### Work order
Please write out all the data exactly as shown.

### Excerpted data

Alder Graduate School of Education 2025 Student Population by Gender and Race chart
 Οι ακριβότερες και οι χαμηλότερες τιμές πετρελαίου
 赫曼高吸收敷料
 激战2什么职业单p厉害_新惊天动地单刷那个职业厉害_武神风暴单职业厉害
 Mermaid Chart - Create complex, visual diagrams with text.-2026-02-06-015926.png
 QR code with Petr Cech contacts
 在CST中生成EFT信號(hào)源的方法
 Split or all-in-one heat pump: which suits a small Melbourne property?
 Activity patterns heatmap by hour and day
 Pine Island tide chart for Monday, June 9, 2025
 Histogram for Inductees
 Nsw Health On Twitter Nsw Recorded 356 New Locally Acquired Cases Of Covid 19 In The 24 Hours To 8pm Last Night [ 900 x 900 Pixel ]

### Answer area
Alder Graduate School of Education 2025 Student Population by Gender and Race chart
 Οι ακριβότερες και οι χαμηλότερες τιμές πετρελαίου
 赫曼高吸收敷料
 激战2什么职业单p厉害_新惊天动地单刷那个职业厉害_武神风暴单职业厉害
 Mermaid Chart - Create complex, visual diagrams with text.-2026-02-06-015926.png
 QR code with Petr Cech contacts
 在CST中生成EFT信號(hào)源的方法
 Split or all-in-one heat pump: which suits a small Melbourne property?
 Activity patterns heatmap by hour and day
 Pine Island tide chart for Monday, June 9, 2025
 Histogram for Inductees
 Nsw Health On Twitter Nsw Recorded 356 New Locally Acquired Cases Of Covid 19 In The 24 Hours To 8pm Last Night [ 900 x 900 Pixel ]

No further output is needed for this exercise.